# slow fermentation with D-47 yeast



## dderemiah

I am making a mead and it is taking a while to ferment. It started at 1.080 and is down to 1.060 today after 10 days. Is D-47 usually that slow with mead? I have added nutrients twice. First when I prepared the must and then again when it had been 6 days and it was only down to 1.070. I have made the same recipe with Champagne yeast and not had any problems (it fermented dry in 8 days) I have started a starter of EC-11118 to pitch if it is still not moving in a couple days.


----------



## Wade E

Seen as how you a re in Cali Im not guessing that cooler temps is the problem! . A slow ferment is not really a problem just so you know but have you tried energizer? Meads can really use energizer. I have never used that yeast so dont know the tempermentals of it But like I said some yeast ferment fast and some slow and neuther are a good or bad thing. I actually like a slow ferment with Meads and fruit wines as the esters arent burnt off in a vigorous ferment. I say let this go and see the difference in the final product.


----------



## Olaf

I would let it go. At that gravity d47 should take it dry. In my experience d47 can move a bit slow, and temps above 70F will make it real hot. All that said, d47 increases mouthfeel and makes a nice mead. Can you check the pH? That is the most common issue in a traditional.
Olaf


----------



## dderemiah

It's 1.055 today. So I guess I shouldn't worry. It's a 6G batch, how much Fermaid should I add again? Or I could just keep checking every few days. The EC-1118 starter is bubbling away. Maybe I'll take a gallon off and see the difference in the final product. I don't have equipment for checking Ph. I only have an acid test kit.


----------



## dderemiah

It's also 72 degrees. I think that is the perfect temp for this yeast.


----------



## winemaker_3352

I use the Lavlin ICV-D47 all the time - i have never had any issues with it. Most of the time it will ferment to dry in about 4-6 days.
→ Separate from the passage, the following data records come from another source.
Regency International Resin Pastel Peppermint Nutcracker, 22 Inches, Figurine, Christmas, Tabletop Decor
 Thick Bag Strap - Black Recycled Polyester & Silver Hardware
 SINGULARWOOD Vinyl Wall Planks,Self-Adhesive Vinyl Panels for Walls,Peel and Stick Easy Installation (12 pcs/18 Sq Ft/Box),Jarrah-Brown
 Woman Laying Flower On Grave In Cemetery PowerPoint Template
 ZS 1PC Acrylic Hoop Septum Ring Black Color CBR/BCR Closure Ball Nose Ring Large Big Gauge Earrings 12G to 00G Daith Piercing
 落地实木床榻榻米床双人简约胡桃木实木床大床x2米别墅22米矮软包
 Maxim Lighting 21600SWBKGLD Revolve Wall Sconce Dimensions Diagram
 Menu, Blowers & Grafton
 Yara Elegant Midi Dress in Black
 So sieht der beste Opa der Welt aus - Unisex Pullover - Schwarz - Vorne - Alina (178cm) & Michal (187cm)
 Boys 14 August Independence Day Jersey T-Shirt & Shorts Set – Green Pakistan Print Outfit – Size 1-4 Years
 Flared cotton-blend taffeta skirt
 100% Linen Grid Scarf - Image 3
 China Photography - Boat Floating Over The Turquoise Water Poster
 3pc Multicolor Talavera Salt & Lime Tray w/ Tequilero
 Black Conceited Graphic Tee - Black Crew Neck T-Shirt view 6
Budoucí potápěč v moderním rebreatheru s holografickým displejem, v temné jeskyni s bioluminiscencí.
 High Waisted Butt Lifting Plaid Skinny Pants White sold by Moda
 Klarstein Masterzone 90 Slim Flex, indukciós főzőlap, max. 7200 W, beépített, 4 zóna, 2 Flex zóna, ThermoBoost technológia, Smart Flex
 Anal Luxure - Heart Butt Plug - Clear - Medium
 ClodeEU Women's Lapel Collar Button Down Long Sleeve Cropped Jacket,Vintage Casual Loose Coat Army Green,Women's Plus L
Did you any yeast nutrient/energizer?


----------



## dderemiah

I have had 2 additions of Fermaid K energizer. Once at the begining and then again 5-6 days later when I got worried about it moving so slowly.


----------



## Wade E

Mead always takes more time to fermment then fruit batches. How much fermaid have you added thus far? Ive had a few meads that fermented for 2 months or more and cae out awesome!


----------



## fatbloke

Fermaid-K isn't energiser, it's nutrient......

Energiser is DAP a.k.a. Di-ammonium Phosphate.

This is the kind of thing that drives me up the bloody wall.....

2 nations divided by 1 language.

Nutrient usually contains "some" DAP, but a lot of other stuff as well (that yes, the yeast does need), whereas "Energiser" is basically pure DAP.

If you look over at Gotmead (and have a dig around), there's a calculator to work out how much YANC is needed.

Or you can just check out the Lallemand/Lalvin yeast chart and while it does say that D47 has low nitrogen needs, it also says that it ferments at "moderate" speed.

Either way, if you worked out what the base dosage of DAP should be for the size batch, then you could reduce it by half or even two thirds - so as not to leave/create any possible off flavours.....

Then see if it speeds up a bit.

Oh and fermentation speed can often be relative i.e. how "balanced" the must was when it started - hence the reports/posts of how some people have had a batch go dry in less than a fortnight etc etc!

Dunno if that's any use.......

regards

fatbloke

p.s. YANC = Yeast Assimilible Nitrogen Content


----------



## dderemiah

OK. I added 1 tsp of DAP. Another thing that concerns me. Should I move it to secondary and cut off the air space while it takes a while to ferment out?


----------



## fatbloke

dderemiah said:


> OK. I added 1 tsp of DAP. Another thing that concerns me. Should I move it to secondary and cut off the air space while it takes a while to ferment out?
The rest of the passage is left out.